One is Pomponia Graecina, wife of Aulus Plautius, the conqueror of Britain, who as Tacitus relates, was accused of following a "foreign superstition", generally considered to be Christianity.[16] Tacitus describes her as the "wife of the Plautius who returned from Britain with an ovation", which led John Lingard (1771 – 1851) to conclude, in his History and Antiquities of the Anglo-Saxon Church, that she was British.[17] However, this is a misinterpretation of what Tacitus wrote. An ovation was a military parade in honour of a victorious general, so the person who "returned from Britain with an ovation" is clearly Plautius, not Pomponia. This has not prevented the error being repeated and disseminated widely.
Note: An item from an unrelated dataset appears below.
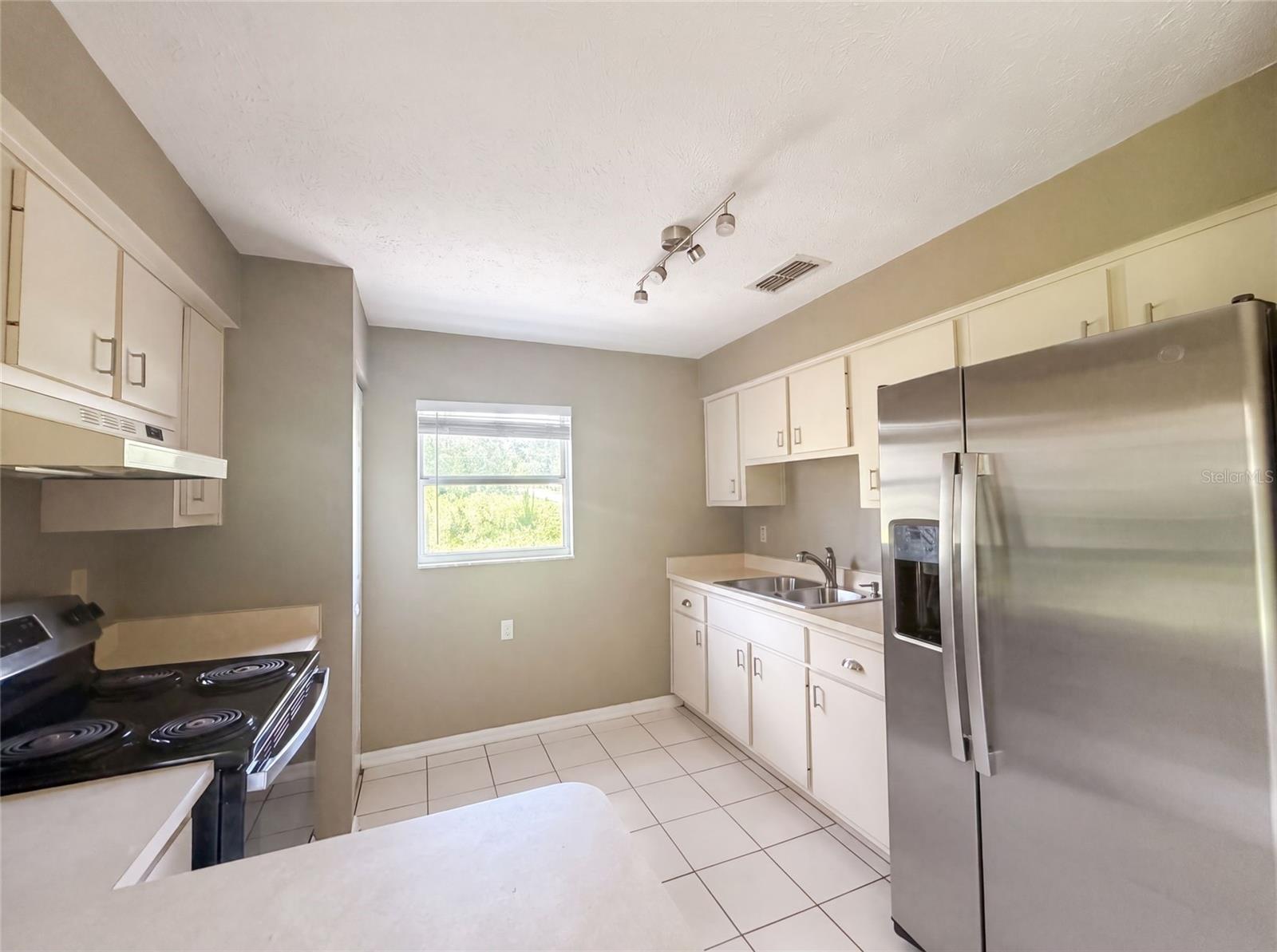 RAINBOW LAKES ESTATE - Residential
Another is Claudia Rufina, a historical British woman known to the poet Martial (Epigrams XI:53).[18] Martial describes Claudia's marriage to a man named Pudens (Epigrams IV:13), almost certainly Aulus Pudens, an Umbrian centurion and friend of the poet who appears regularly in his Epigrams. It has been argued since the 17th century[19] that this pair may be the same as the Claudia and Pudens mentioned as members of the Roman Christian community in 2 Timothy in the New Testament.[20] Some go further, claiming that Claudia was Caratacus's daughter, and that the historical Pope Linus, who is described as the "brother of Claudia" in an early church document, was Caratacus' son. Pudens is identified with St. Pudens, and it is claimed that the basilica of Santa Pudenziana in Rome, and with which St. Pudens is associated, was once called the Palatium Britannicum and was the home of Caratacus and his family.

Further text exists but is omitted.